A juíza plantonista Maria Rosi de Meira Borba revogou na tarde de ontem, a prisão preventiva dos empresários e irmãos Fábio Martins Defanti, Dalme Fernandes Defanti Júnior e Jorge Luiz Martins Defanti, além do funcionário Alessandro Francisco Teixeira Nogueira. Eles estavam presos por participação num suposto esquema de corrupção através de gráficas que prestam serviços ao Governo de Mato Grosso, cujo rombo estimado inicialmente é de R$ 40 milhões.
A magistrada acatou um pedido de relaxamento de prisão solicitado pelos advogados dos envolvidos, que derrubaram a tese da Polícia Civil e Ministério Público de que os empresários tinham conhecimento antecipado da operação "Edição Extra" e teriam destruído provas, como por exemplo, a troca de HDs dos computadores das gráficas Print e Defanti.
Para Maria Rosi de Meira Borba, a prisão dos três empresários e do funcionário não tinha mais necessidade, após os depoimentos e coleta de provas para a inquérito policial.
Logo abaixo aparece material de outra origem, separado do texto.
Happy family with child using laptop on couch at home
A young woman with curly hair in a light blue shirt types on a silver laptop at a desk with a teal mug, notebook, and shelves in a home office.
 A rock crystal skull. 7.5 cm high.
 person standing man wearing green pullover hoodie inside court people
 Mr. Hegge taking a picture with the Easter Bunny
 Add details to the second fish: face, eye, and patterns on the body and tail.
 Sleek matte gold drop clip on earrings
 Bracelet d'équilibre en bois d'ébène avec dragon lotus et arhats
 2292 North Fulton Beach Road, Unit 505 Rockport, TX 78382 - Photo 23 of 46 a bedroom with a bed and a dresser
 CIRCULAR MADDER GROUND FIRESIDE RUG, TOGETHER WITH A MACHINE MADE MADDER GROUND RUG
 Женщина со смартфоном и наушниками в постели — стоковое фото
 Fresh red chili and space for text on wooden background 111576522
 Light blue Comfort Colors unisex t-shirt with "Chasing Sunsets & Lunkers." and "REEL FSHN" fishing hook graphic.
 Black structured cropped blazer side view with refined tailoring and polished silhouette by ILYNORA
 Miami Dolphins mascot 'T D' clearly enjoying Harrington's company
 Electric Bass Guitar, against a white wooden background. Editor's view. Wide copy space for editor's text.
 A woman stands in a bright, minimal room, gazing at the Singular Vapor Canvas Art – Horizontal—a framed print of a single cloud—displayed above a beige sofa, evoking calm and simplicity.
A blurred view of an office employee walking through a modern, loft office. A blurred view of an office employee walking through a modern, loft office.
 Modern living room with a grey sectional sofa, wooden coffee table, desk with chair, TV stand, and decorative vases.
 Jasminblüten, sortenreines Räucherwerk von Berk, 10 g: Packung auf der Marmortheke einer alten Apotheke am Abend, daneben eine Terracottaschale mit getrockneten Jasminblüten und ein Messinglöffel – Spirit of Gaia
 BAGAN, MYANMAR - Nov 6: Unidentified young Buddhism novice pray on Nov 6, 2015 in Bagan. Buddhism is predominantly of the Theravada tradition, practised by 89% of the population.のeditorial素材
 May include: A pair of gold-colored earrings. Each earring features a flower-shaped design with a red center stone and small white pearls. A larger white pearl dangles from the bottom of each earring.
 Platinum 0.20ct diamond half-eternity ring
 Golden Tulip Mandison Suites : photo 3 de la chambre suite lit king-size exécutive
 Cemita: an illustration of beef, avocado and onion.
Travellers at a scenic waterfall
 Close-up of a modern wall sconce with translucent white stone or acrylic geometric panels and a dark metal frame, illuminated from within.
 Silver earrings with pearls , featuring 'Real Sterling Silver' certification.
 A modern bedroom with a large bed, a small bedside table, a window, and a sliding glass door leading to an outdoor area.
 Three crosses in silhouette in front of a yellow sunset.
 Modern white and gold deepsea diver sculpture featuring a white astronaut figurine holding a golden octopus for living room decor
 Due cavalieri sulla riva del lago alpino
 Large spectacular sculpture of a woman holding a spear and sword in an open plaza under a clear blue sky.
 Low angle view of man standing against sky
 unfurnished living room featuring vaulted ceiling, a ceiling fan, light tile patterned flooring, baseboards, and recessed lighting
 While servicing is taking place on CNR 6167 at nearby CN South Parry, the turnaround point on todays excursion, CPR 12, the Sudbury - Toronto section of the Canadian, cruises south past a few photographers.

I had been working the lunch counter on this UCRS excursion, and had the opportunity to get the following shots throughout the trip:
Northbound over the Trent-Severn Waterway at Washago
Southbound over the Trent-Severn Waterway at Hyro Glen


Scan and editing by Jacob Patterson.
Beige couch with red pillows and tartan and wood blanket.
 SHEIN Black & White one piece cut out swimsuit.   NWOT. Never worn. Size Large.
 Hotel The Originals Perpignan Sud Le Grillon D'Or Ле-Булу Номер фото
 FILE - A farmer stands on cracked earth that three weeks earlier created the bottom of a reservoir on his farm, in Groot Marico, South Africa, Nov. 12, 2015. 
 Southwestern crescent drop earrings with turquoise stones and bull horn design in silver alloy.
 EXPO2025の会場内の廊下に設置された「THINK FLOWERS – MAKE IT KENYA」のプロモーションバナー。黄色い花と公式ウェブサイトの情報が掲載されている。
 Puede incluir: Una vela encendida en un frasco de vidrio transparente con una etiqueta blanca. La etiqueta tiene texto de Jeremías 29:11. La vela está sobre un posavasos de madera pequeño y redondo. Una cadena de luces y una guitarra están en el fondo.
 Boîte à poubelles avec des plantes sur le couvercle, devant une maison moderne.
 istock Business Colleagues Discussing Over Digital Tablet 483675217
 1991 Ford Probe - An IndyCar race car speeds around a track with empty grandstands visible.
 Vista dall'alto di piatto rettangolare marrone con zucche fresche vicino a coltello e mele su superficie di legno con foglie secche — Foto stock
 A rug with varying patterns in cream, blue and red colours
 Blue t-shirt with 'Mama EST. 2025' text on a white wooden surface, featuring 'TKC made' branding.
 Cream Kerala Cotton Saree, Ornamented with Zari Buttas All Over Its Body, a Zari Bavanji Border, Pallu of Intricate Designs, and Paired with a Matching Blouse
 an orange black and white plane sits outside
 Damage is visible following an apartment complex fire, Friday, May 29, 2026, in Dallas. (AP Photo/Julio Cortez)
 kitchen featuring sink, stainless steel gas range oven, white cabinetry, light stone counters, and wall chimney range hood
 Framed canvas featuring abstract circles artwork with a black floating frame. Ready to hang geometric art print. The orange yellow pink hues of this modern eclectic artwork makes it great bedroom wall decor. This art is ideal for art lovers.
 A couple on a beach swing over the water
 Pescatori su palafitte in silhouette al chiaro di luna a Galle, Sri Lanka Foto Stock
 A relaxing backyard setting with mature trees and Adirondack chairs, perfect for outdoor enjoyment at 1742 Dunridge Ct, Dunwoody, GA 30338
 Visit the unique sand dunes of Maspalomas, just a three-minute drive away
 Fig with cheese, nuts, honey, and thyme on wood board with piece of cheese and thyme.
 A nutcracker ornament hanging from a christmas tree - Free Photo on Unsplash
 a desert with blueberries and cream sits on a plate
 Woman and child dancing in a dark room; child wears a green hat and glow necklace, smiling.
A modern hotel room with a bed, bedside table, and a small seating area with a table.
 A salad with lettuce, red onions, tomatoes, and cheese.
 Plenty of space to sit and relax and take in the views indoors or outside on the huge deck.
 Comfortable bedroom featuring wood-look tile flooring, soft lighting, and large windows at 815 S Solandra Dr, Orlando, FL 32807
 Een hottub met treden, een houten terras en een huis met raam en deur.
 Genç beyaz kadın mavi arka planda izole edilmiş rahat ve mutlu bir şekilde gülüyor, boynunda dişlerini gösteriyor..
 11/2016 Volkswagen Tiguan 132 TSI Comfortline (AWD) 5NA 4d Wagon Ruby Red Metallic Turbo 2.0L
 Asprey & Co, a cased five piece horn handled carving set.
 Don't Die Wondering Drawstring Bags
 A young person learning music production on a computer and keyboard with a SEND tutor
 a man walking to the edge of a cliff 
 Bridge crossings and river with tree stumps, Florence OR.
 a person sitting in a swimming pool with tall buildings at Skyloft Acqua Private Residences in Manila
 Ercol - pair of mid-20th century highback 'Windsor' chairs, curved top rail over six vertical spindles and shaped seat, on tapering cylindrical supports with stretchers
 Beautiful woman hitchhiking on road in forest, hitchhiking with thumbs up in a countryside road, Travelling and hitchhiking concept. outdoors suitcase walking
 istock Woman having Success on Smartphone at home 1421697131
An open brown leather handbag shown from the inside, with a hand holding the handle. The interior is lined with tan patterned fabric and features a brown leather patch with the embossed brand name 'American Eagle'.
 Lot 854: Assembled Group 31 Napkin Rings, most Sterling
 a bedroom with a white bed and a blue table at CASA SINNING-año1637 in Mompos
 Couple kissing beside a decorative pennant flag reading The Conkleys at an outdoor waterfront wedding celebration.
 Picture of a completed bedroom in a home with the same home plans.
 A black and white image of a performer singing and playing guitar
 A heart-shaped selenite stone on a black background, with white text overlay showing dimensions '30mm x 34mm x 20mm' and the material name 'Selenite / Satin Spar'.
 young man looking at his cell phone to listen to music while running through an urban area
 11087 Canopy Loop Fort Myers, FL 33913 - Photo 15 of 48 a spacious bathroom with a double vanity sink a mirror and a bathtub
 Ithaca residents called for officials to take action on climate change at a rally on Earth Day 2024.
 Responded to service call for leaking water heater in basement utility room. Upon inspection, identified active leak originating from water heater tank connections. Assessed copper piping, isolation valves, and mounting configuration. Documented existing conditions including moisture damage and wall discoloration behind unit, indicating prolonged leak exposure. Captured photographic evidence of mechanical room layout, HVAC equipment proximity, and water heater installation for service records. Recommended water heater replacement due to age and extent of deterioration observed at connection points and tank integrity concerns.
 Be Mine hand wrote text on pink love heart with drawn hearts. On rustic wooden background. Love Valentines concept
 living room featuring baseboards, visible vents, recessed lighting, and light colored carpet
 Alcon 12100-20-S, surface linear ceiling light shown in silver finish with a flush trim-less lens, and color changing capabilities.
Ela ainda apontou que o próprio MPE se manifestou, favoravelmente, à liberdade de um dos indiciados e prisão domiciliar para outro.
A magistrada ainda determinou medidas restritivas aos investigados. Todos terão que comparecer mensalmente à Justiça, para explicar suas atividades e atualização de endereço; não poderão deixar Cuiabá sem autorização; terão que comparecer a todos os atos judiciais em relação ao inquérito; e ainda não cometerem novos delitos.
Com informações/imagem: Folhamax
Comentário
Apesar de esperarmos que a Justiça desmistifique de vez, a máxima de que só os pobres são penalizados, fatos como este provam o contrário.
Lamentável as brechas que existem no Código Penal Brasileiro, que são conhecidíssimas dos advogados e que permitem a liberação dos acusados, mesmo que eles estejam com lama até o pescoço.